In the changing world, maps are changing; the perception of the city is changing, and the way that people interact and navigate with the streets, roads, parks, and hills is going through a seismic change. This is not as a result of a change in landscape, but because of the little gadgets in our pockets, a smartphone. According to Mike Duggan, a researcher in Cultural Geography at Royal Holloway, Citymapper and Google map apps even out machines. In his research, Dugan investigated how digital technologies are changing people's experience of usual places. One of the most important things he discovered is that the new technologies continue to even out the machines used by billions of people to navigate every day in the cities. Most importantly about mobile technologies is that they offer a wide range of services at one place, the palm of your hand. Therefore, due to this revolution, individuals need not go very far in search of information; they reach for their pockets which has made life easier (Convery, Ian, 334).
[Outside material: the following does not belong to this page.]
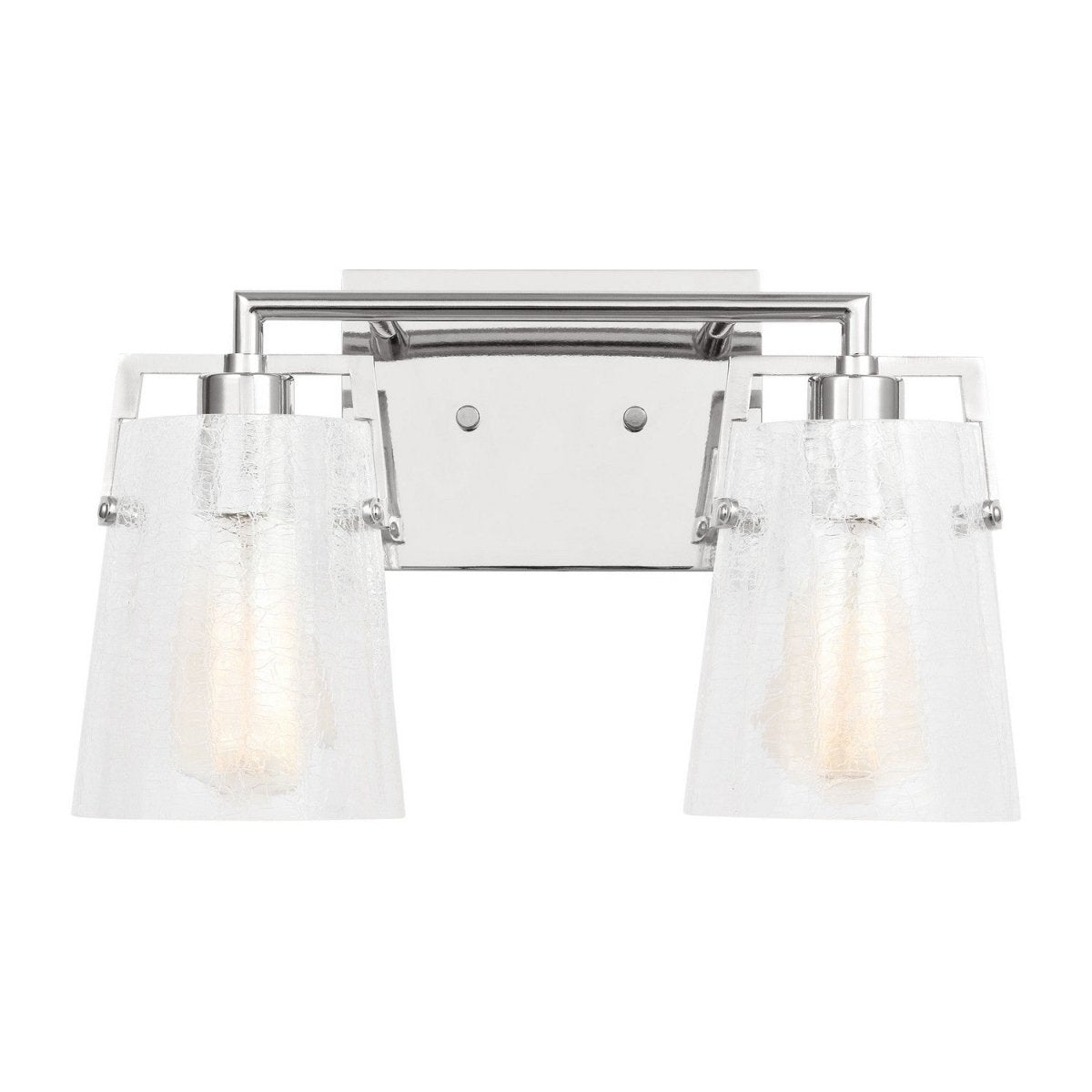 Luminaire de vanité Crofton - Chrome Verre craquelé transparent 14 5/8" by Visual Comfort Studio | Luminaires & cie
Similarly, people are using mobile technology to find places to eat and drink, for entertainment, and other functions that are enabled by these gadgets. Technologies facilitate peoples contact with others over great distances. However, they also make the messages more superficial by increasing their size, briefness, and the swiftness of conveyance. Instant connectivity enhanced by the technologies, supplement to personal relationships. Consequently, it can make them distanced between each other when the connection is hidden behind a screen or in a short message. Therefore, the present danger of technologies is the ability to replace the face-to-face and the sense of a community that makes a place an essential part of human life.Conclusion
In conclusion, the paper affirms that the impacts of technological developments in the current world can be both positive and negative in some dimensions. In the early 20th century, the error of conservation, memories were made by traveling to different places for leisure and entertainment. However, due to the development of technology since the middle and late 20th century through the 21st century, Mobile technologies have taken the place of adventure through the provision of apps and services that reduce much traveling. Though technology has seen the sense of place getting lost, it has been the root of human life in the 21st-century generation. It is understandable that the "gadget" generation would choose technology over the place due to the benefits acquired from it. Although the home is essential to life, technology is also essential; we need to establish ways to bring these two factors to a common denominator, where one would not overrule the other.
Works Cited
Bogart, Barbara A, and Thomas J. Schlereth. Sense of Place: American Regional Cultures. Lexington, Ky: University Press of Kentucky, 2015. pp138: Internet resource.
Convery, Ian. Making Sense of Place: Multidisciplinary Perspectives. Woodbridge: The Boydell Press, 2014: 334. Print.
Shapiro, Michael. A Sense of Place: Great Travel Writers Talk about Their Craft, Lives, and Inspiration. San Francisco: Travelers' Tales, 2004: pp118.Internet resource.
Stoltman, Joseph P. 21st Century Geography: A Reference Handbook. Thousand Oaks, Calif. : SAGE Publications Inc, 2012. pp138: Internet resource.
Vanclay, F M, Matthew Higgins, and Adam Blackshaw. Making Sense of Place: Exploring Concepts and Expressions of Place through Different Senses and Lenses. Canberra: National Museum of Australia Press, 2008: 331. Print.